A First Look at Anycast Cdn Traffic

A First Look at Anycast CDN Traffic #

I’m a little bit out of my comfort zone by reviewing a network measurement paper this time. The paper discusses anycasting for CDN traffic. It’s a recent paper that does not seem to be peer-reviewed yet, so its results have to be taken with a grain of salt. Early on, the authors explain that anycasting was mostly used for stateless communication such as DNS in the past. The reason was that because of routing anomalies, you couldn’t be sure that all your IP packets get routed to the same physical data centre. And since TCP state is not synchronised between data centres, this would break TCP connections. Apparently, that is no longer the case because CDN providers now also use anycasting for TCP traffic. Later in the paper, the authors claim that routing anomalies are indeed rare.

In the first part of the paper, the authors discuss an active measurement method to tell if a given IP address is anycast. They do this by building on previous work that used ping latencies. The idea is to ping an IP address from two vantage points and see if the two RTTs added together are smaller than the RTT between the two vantage points. The speed of light gives us an upper limit on how far a packet can possibly make it in a certain period of time. Given a distributed measurement network such as RIPE Atlas, it is relatively easy to tell if a given IP address is anycast. The authors than set out to analyse Alexa’s top domains. I found it surprising that only three of Alexa’s top 100 domains are anycast: thepiratebay.se, reddit.com, and wordpress.com. Perhaps the remaining domains make use of DNS-based load balancing?

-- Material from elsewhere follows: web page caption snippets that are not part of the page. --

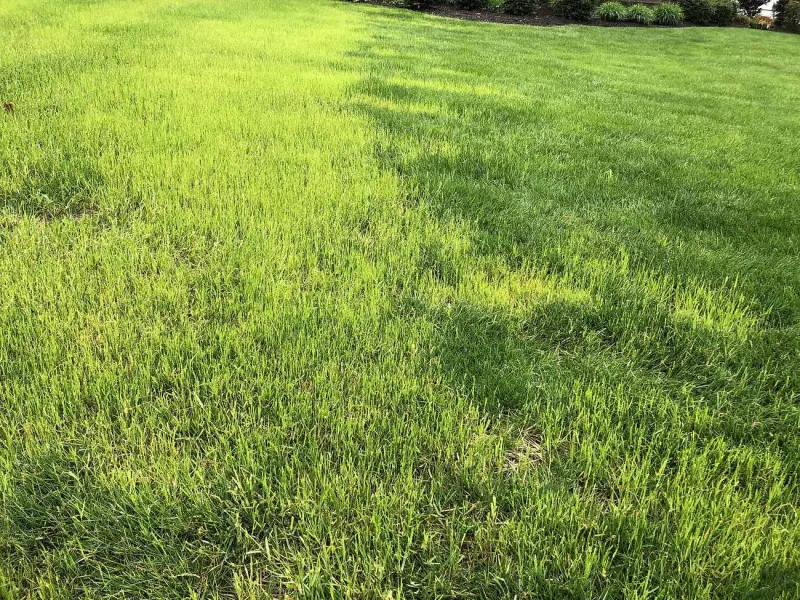Overseeding a Thin, Patchy Lawn in Early Fall: A Step-by-Step Plan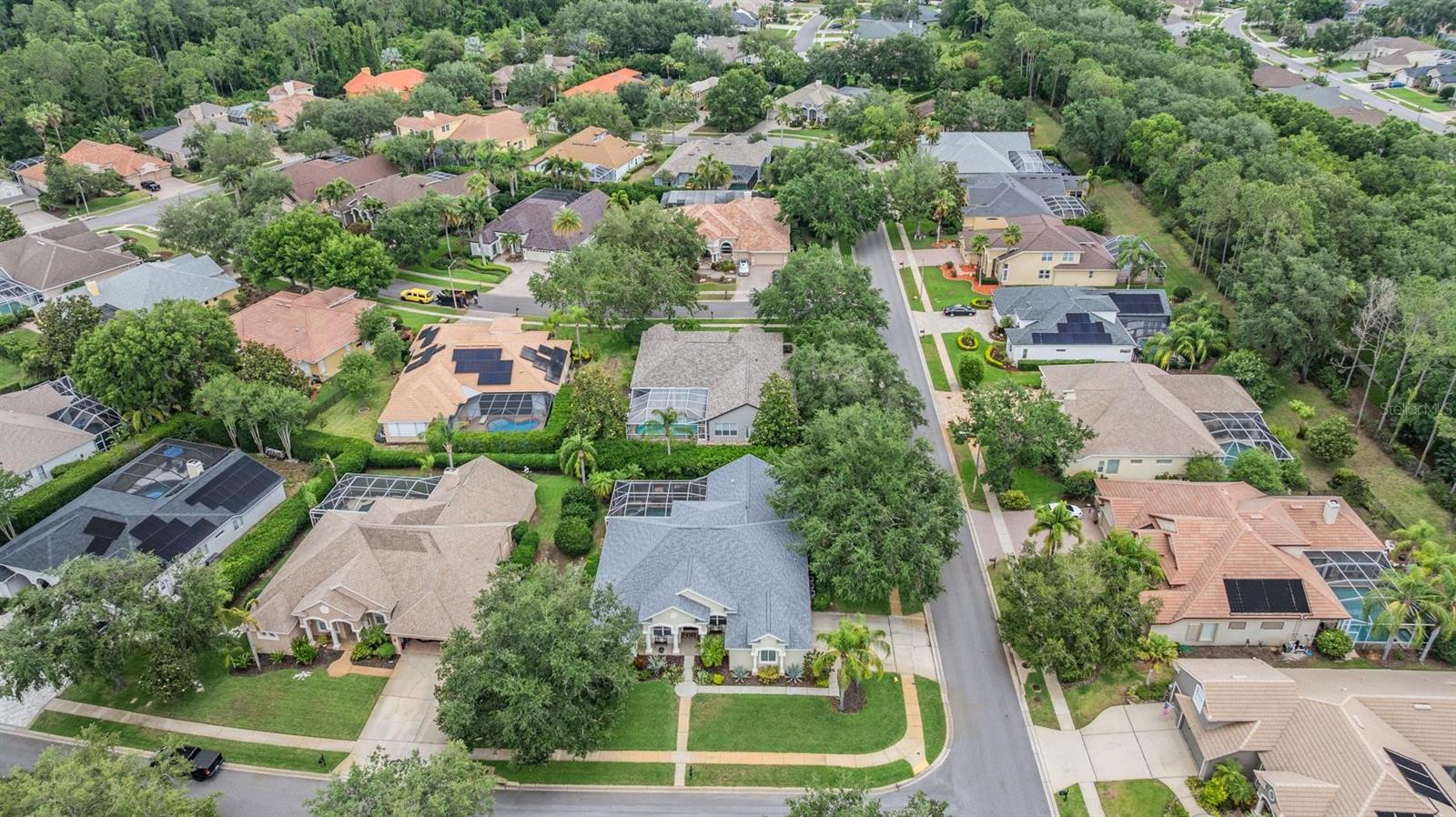 Palm Harbor, Florida, 34685, United States, ,4 BathroomsBathrooms,Residential,Active,1810371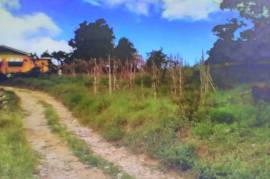 Residential Lot for Sale in Mile Gully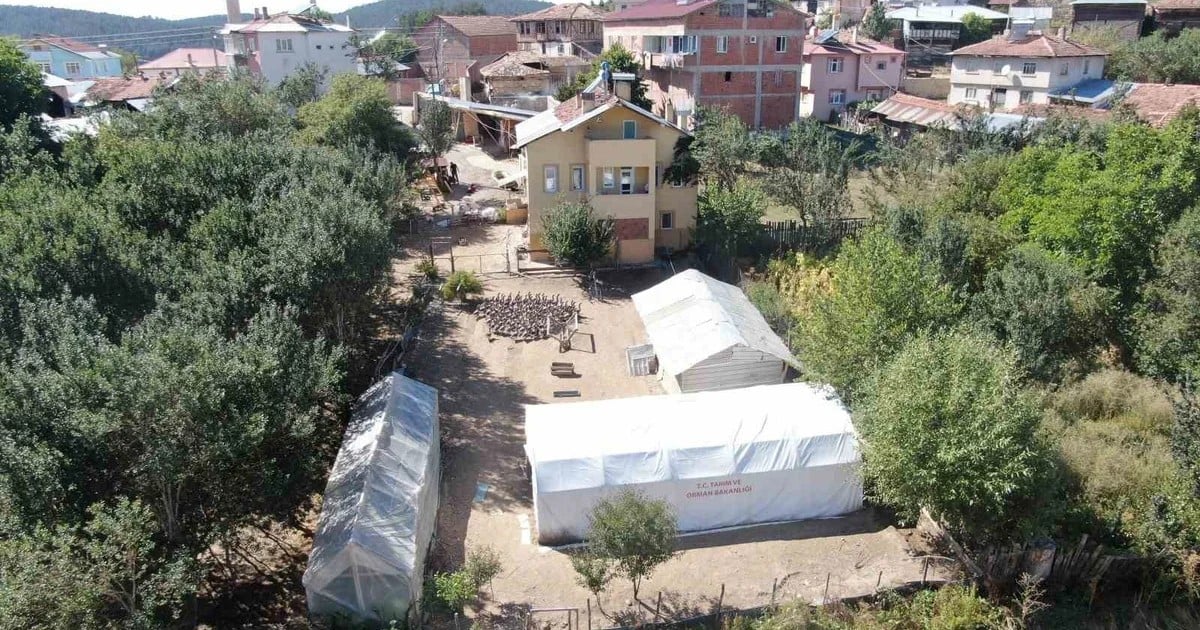 Devrekani'de 130 kazla kurduğu çiftlik 600 damızlığa ulaştı, yurt dışından da talep var
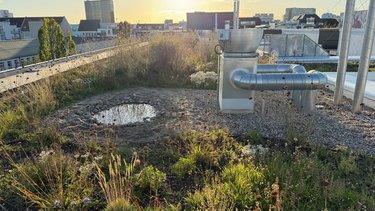 Begrüntes Dach mit Wildpflanzen, Kiesflächen und technischer Dachinstallation bei tiefstehender Sonne.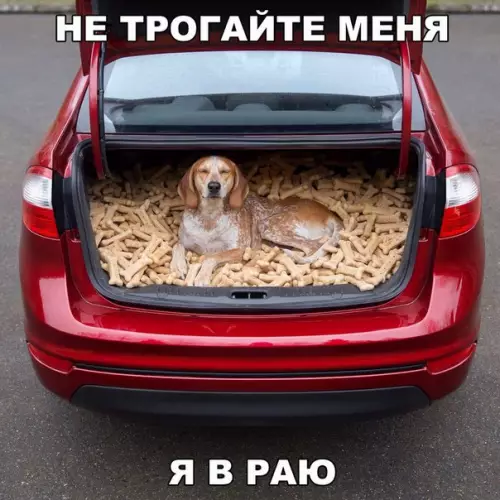 Смешная картинка №209005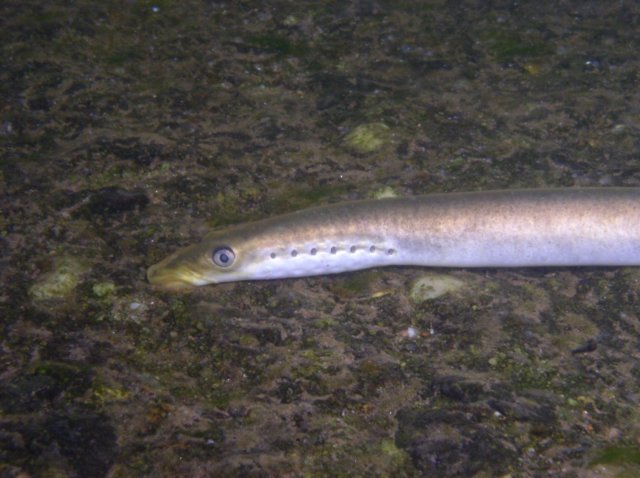 mihulepoton3.jpg
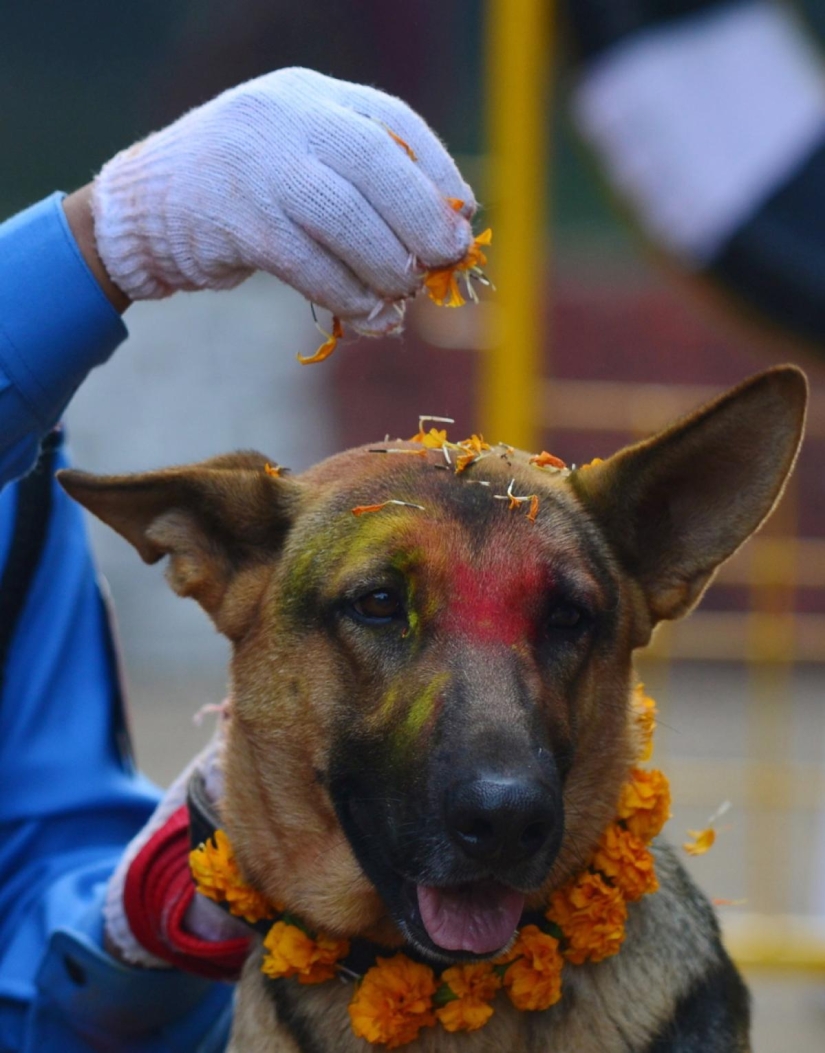 Hindus have a whole festival to thank dogs for their loyalty and devotion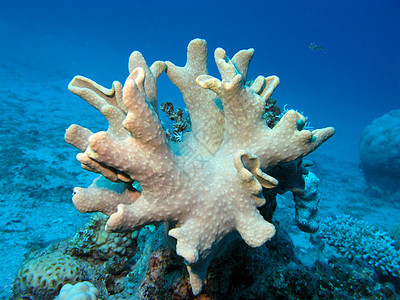 热带海底有软珊瑚的珊瑚礁和热带海底海床盐水潜水娱乐野生动物海洋动物海洋生物海上生活浮潜图片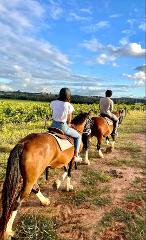 90-minute Horse Ride - Bushland Trail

In the second part of the paper, the authors gather country-wide statistics to learn more about deployed CDNs. The data shows that a lot of traffic to CDN-hosted IP addresses goes to port 80 and 443, indicating that TCP-based anycasting is indeed used.

In Section 5, the paper investigates how common routing anomalies are. I wonder if the analysis is comprehensive enough to answer that question. First of all, the analysis seems to be limited to France. All CDN providers have data centres in Europe and probably work hard to ensure good connectivity for central Europe. But is this also the case for the rest of the world? Does a client in, say, northern Russia have the same probability of experiencing routing anomalies than their vantage points in France? My gut feeling says no, but I lack the background knowledge to be sure.

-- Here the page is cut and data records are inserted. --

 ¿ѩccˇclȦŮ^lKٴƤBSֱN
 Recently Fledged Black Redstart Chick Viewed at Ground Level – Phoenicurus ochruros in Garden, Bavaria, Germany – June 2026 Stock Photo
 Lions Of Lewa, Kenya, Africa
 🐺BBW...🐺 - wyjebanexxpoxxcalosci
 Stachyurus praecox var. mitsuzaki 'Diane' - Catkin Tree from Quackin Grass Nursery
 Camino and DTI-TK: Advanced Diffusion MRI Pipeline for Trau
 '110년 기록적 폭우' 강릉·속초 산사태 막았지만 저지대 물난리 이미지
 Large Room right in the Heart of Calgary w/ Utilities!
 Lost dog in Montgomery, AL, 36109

On a more general note, I wonder if the amount of data centres of a CDN provider influences routing anomalies. Am I more likely to experience routing anomalies when connecting to a CDN provider that has dozens of data centres on different continents? After all, such a setting would cause a more narrow distribution of the quality of BGP routes, right?

Despite my confusion about Section 5, I enjoyed reading this paper. It gave me a good overview of what network measurement people work on in this area. However, similar to many other networking papers, some paragraphs are so full of numbers and data points that it is hard to follow the discussion.